A great new addition on the farm this year is our new produce trailer. It will be able to hold more trays than our van or pick up truck and we are installing a cooler system in it as well. It will be great to bring to market so we can bring more and keep the produce cool.
We bought it last fall and have gotten it insulated and now we just need to install the AC unit and coolbot system. However, before we put in the AC unit, I’ve been using the trailer as a place to germinate my seeds in the greenhouse.
The germination chamber is set up with a temperature controlled heater and a humidifier. I keep the temperature in the low 80s and if I can keep water in the humidifier the humidity is also in the 80s. Unfortunately, I am just using a humidifier we had gotten for my kids when they were younger and the water is gone after 8 or so hours… Another farmer friend had passed on this set up, but I was feeling a little overwhelmed by it. However, I think it would be worth putting together now that I am having a hard time keeping the humidity up with my one small humidifier.
So far it has been a great tool to get things started quicker. I’ve mostly had onions starting so far, but they have come up much quicker. Normally, the onions would take around a week to start germinating. With the germination chamber I had one variety of onions start popping up just after 3 days.

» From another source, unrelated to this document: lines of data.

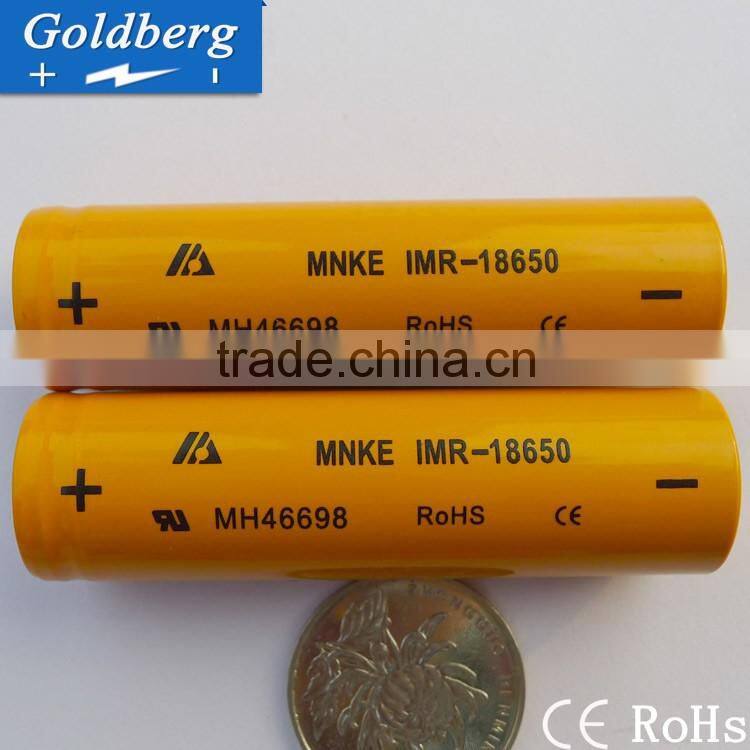 In stock original wholesale mnke IMR 18650 1600mah 30A 3.7V high drain battery /high discharge 30A big mods battery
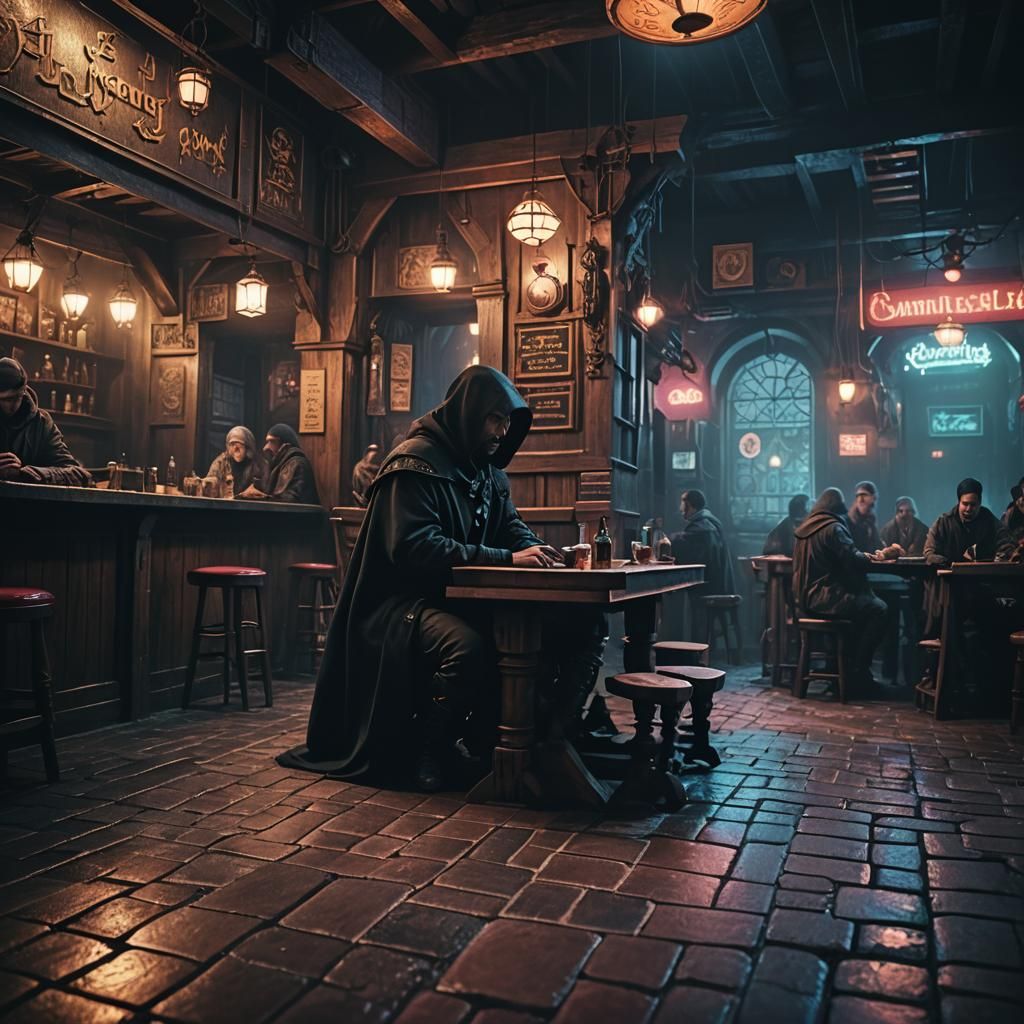 Cyberpunk Tavern: Hooded Figure in Medieval Setting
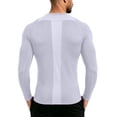 thumbnail image 4 of hoksml Men's Raglan Long Sleeve Compression Shirt, Crew Neck Back Mesh Panel Slim Cut Quick Dry Athletic Base Layer in Solid Colors, 4 of 8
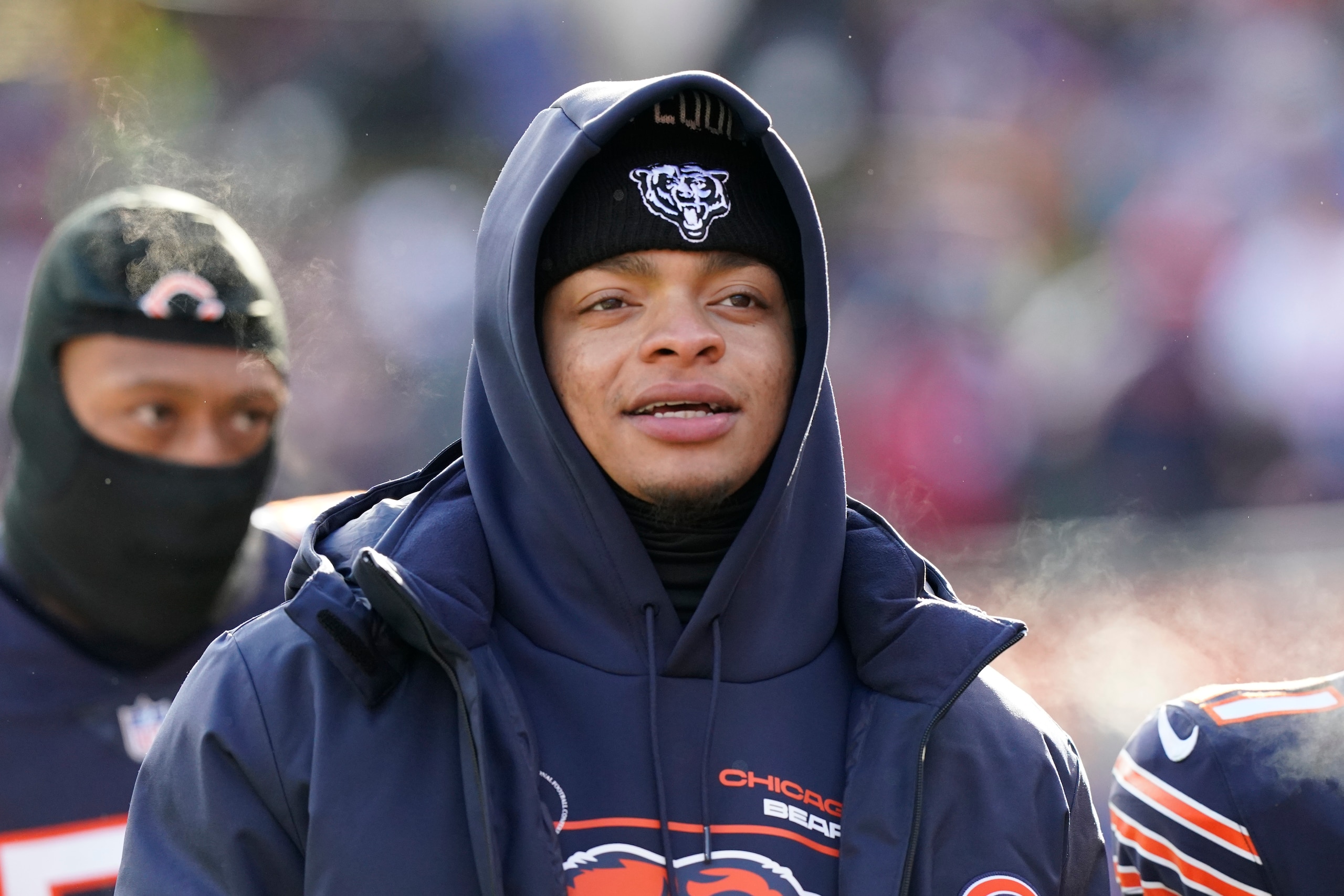 Chicago Bears quarterback Justin Fields walks off the field at halftime of an NFL football game between the Bears and the New York Giants Sunday, Jan. 2, 2022, in Chicago. (AP Photo/Nam Y. Huh) Chicago Bears quarterback Justin Fields walks off the field at halftime of an NFL football game between the Bears and the New York Giants Sunday, Jan. 2, 2022, in Chicago. (AP Photo/Nam Y. Huh)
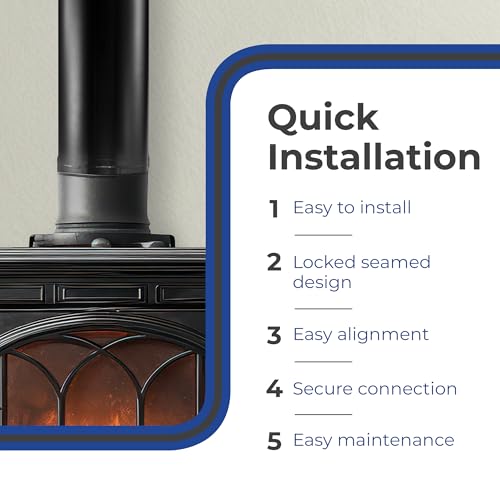 DuraVent DVL 6DVL-24 Easy to Install 6 Inch Galvanized and Stainless Steel Double Wall Wood Burning Stove Pipe to Vent Smo...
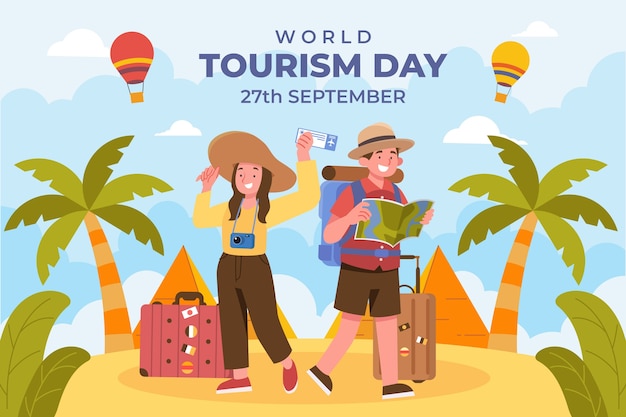 Flat background for world tourism day celebration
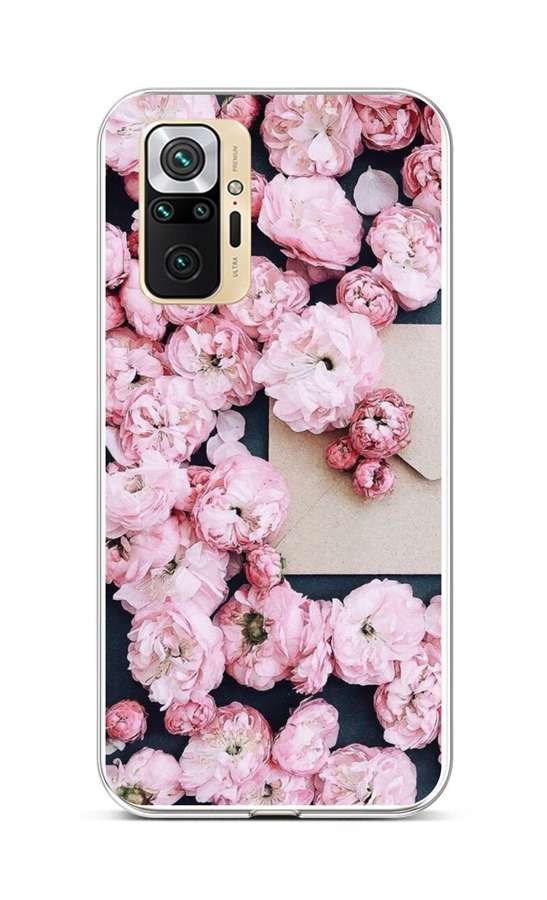 Zadní silikonový kryt na Xiaomi Redmi Note 10 Pro Růžové květy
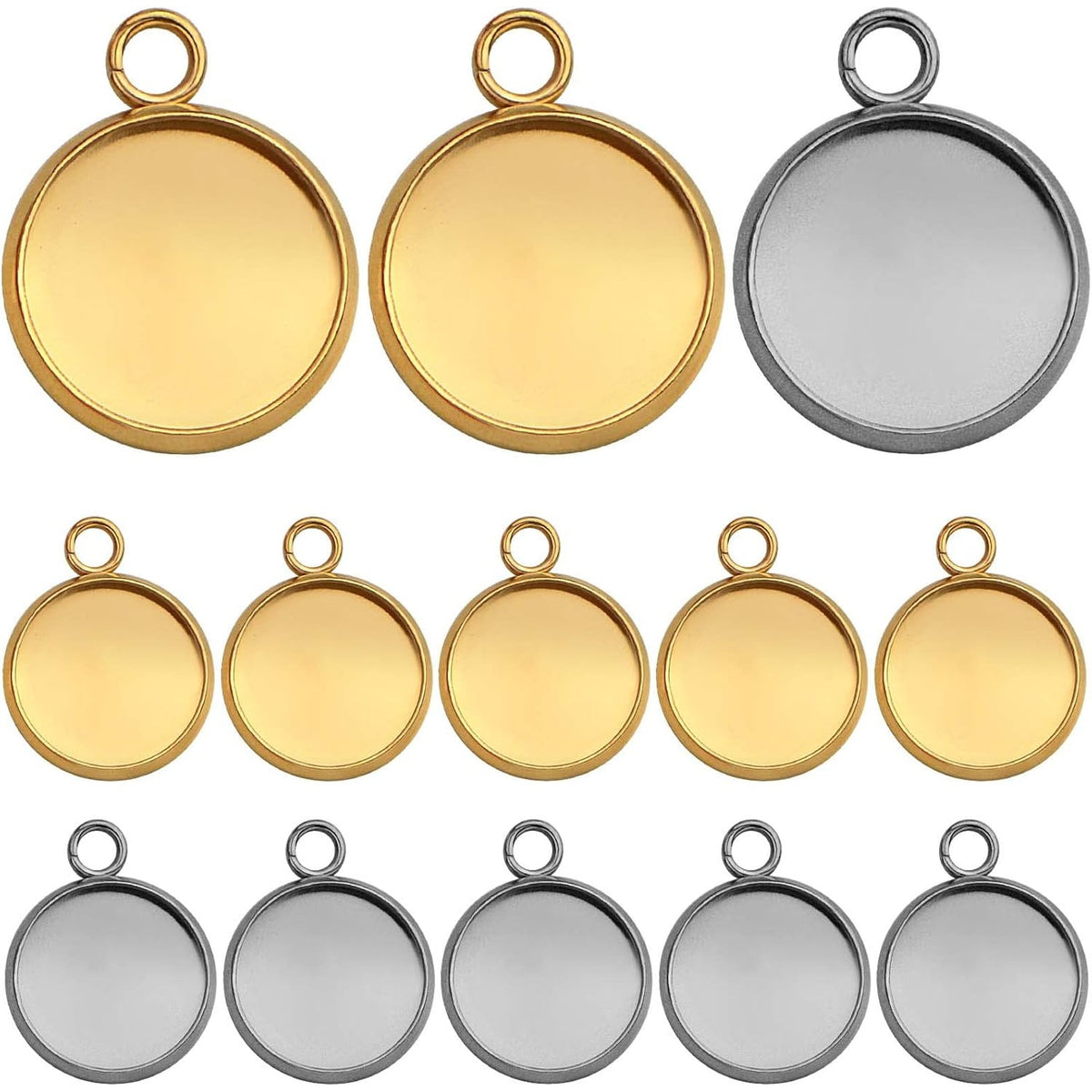 40 Pieces Stainless Steel Cabochon Settings Frame Pendant Trays Charms Fit 12 mm Flat Round Blank Bezel Trays for Cameo Pendants Photo DIY Jewelry Making, 2 Colors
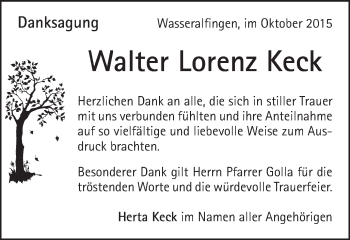Traueranzeige von Walter Lorenz Keck von Schwäbische Post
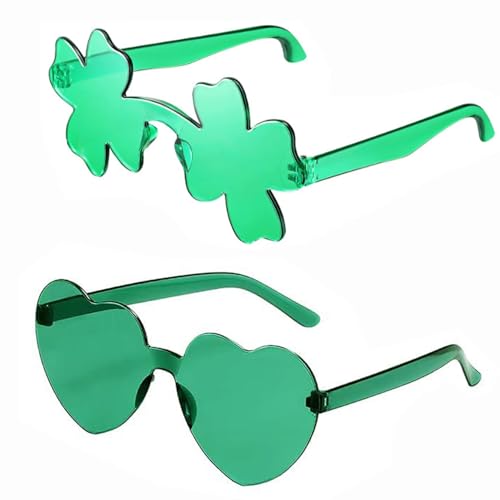 SOPSTUO 2 Paar Sonnenbrillen St. Patricks Day Sonnenbrille Grün Kleeblatt Brille für Erwachsene Kinder für St. Patricks Day Party Requisiten Gastgeschenke St. Patricks Day Zubehör SOPSTUO 2 Paar Sonnenbrillen St. Patricks Day Sonnenbrille Grün Kleeblatt Brille für Erwachsene Kinder für St. Patricks Day Party Requisiten Gastgeschenke St. Patricks Day Zubehör von SOPSTUO
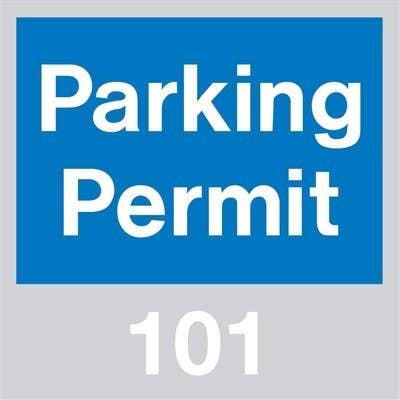 AccuformNMC PP12A Parking Permit Windshield Decal, Self-Adhesive Vinyl, 001-100, Blue, 100/Pk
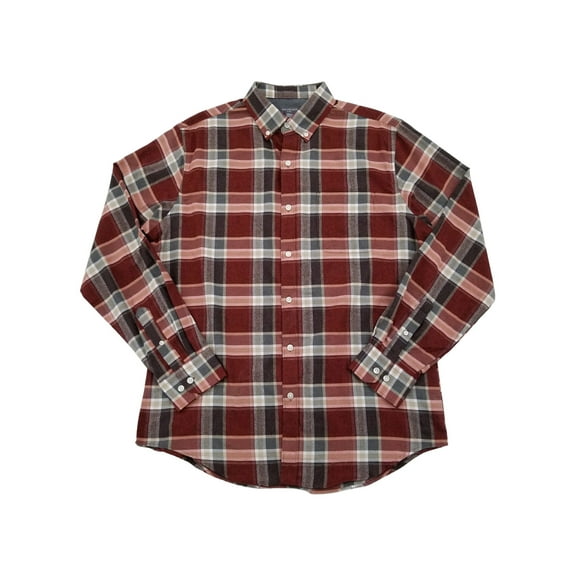 Van Heusen Mens Red & Gray Plaid Flex Non-Iron Long Sleeve Button-Down Shirt XXL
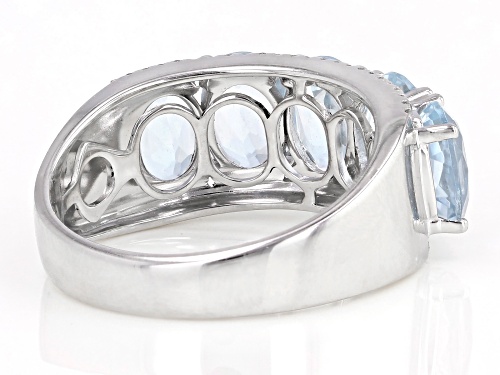 3.50ctw Oval Aquamarine With 0.13ctw Round White Diamond Rhodium Over 14k White Gold Ring - Size 5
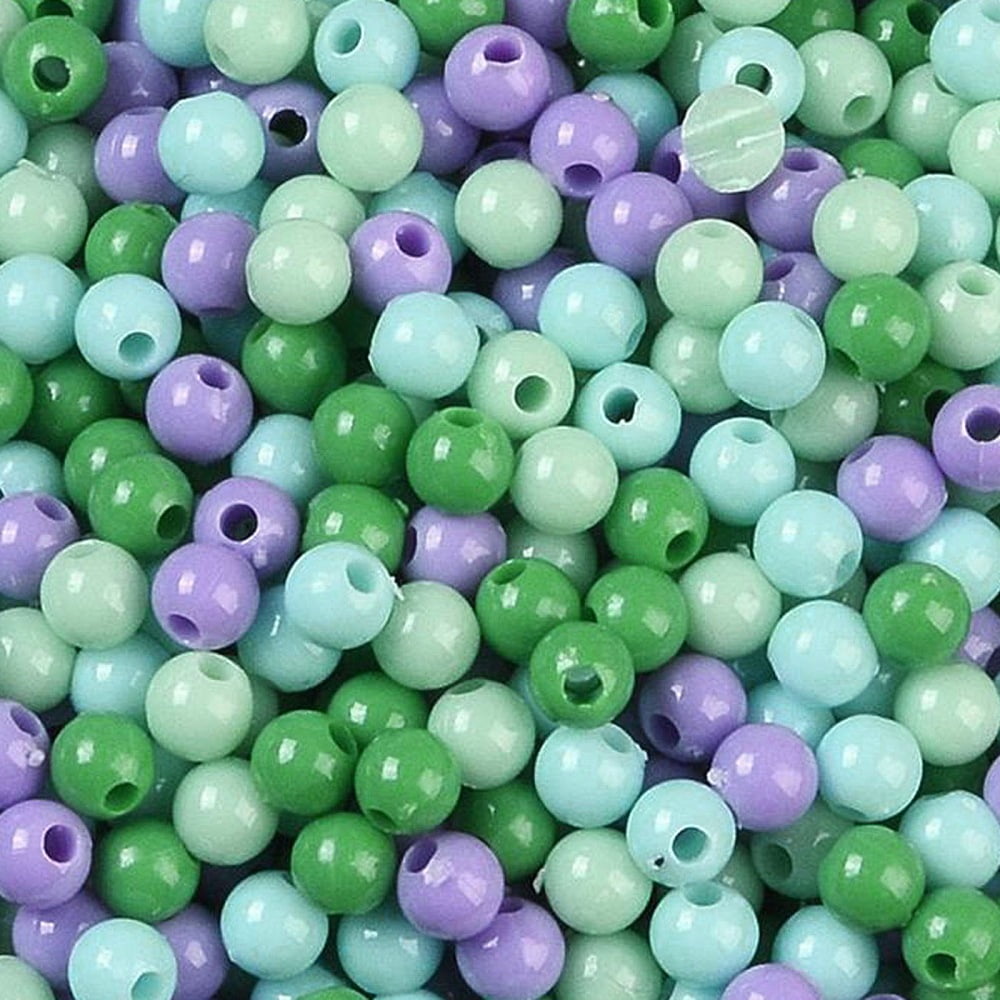 Opaque Acrylic Beads Round Sea Green 4mm Hole: 1.2mm DIY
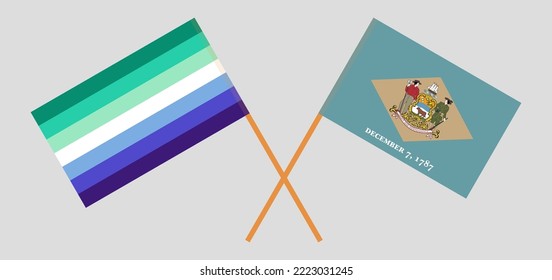 Crossed flags of gay men pride and The State of Delaware. Official colors. Correct proportion. Vector illustration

One thing that has been interesting through this new process is looking at what is the ideal temperature for certain plants to germinate. Not everything germinates quicker with heat and high humidity, some plants like lettuce want to germinate at temperatures in the 60s. The seeds will actually become dormant if the temperature is too high. This can make it difficult to start lettuce seeds in the summer when the greenhouse is commonly over 80 in the day time. I have had to move lettuce trays in to the barn so they can have a few days of coolness to get started.
I always knew that plants like tomatoes and peppers need heat to germinate, we’ve always used heat mats for these plants. However, I didn’t know that onions would benefit from higher heat at germination. One of the seed catalogs I use for ordering seeds has a graph of ideal temperatures for each plant. This has been super helpful to use as a guide for what can go in the germination chamber and what shouldn’t.
Ideally, it might be nice to have two or three germination chambers. One for each heat level 80s, 70s, and 60s. One has been nice though, I’ve been using my old heat mats if I need anything different. It has been a fun new project to work though and has been helpful.